New Insights into Involutory and Orthogonal MDS Matrices

MDS matrices play a critical role in the design of diffusion layers for block ciphers and hash functions due to their optimal branch number. Involutory and orthogonal MDS matrices offer additional benefits by allowing identical or nearly identical circuitry for both encryption and decryption, leading to equivalent implementation costs for both processes. These properties have been further generalized through the notions of semi-involutory and semi-orthogonal matrices. While much of the existing literature focuses on identifying efficiently implementable MDS candidates or proposing new constructions for MDS matrices of various orders, this work takes a different direction. Rather than introducing novel constructions or prioritizing implementation efficiency, we investigate structural relationships between the generalized variants and their conventional counterparts. Specifically, we establish nontrivial interconnections between semi-involutory and involutory matrices, as well as between semi-orthogonal and orthogonal matrices. Exploiting these relationships, we show that the number of semi-involutory MDS matrices can be directly derived from the number of involutory MDS matrices, and vice versa. A similar correspondence holds for semi-orthogonal and orthogonal MDS matrices.
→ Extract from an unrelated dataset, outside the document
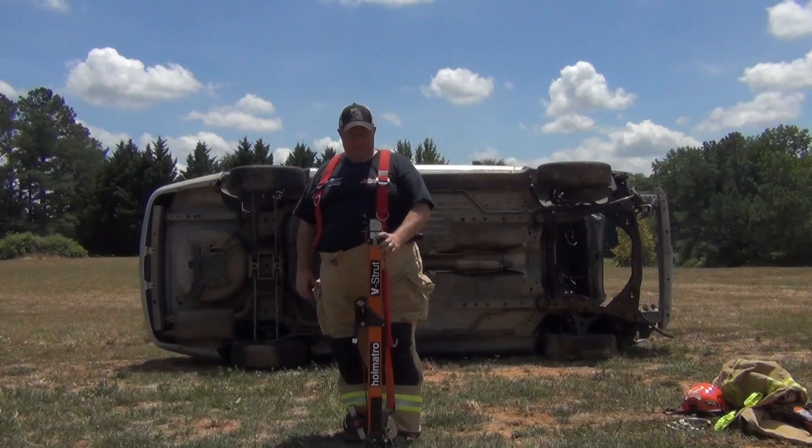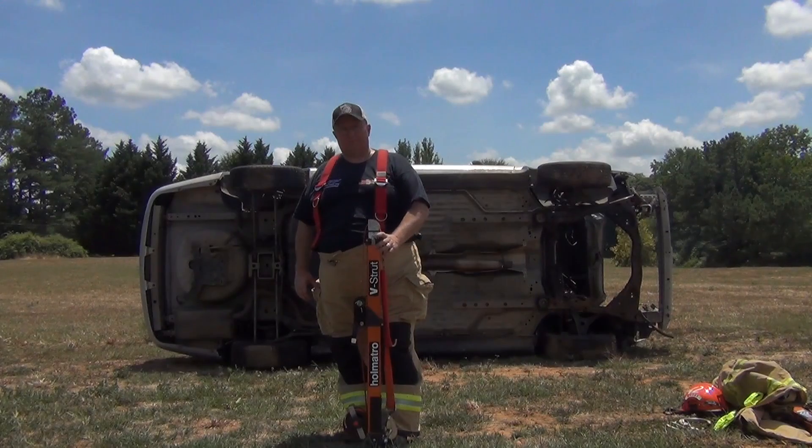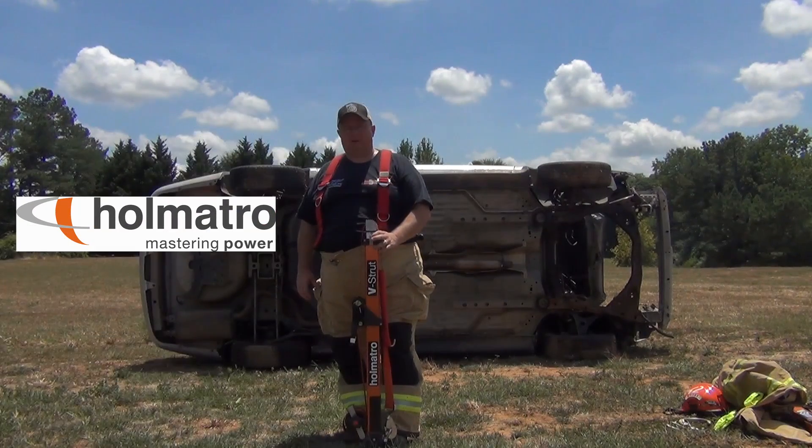Hey, this is Jeff from Georgia Fire Rescue Supply. Sometimes we have customers asking about a strut that's really simple and quick to apply out on scenes. So what we've got here is the V strut made by Homatro.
We also examine the intersection of these classes and show that the number of $3 \times 3$ MDS matrices that are both semi-involutory and semi-orthogonal coincides with the number of semi-involutory MDS matrices over $\mathbb{F}_{2^m}$. Furthermore, we derive the general structure of orthogonal matrices of arbitrary order $n$ over $\mathbb{F}_{2^m}$. Finally, leveraging the aforementioned interconnections, we present an alternative and direct derivation of the explicit formulae for counting $3 \times 3$ semi-involutory MDS matrices and $3 \times 3$ semi-orthogonal MDS matrices.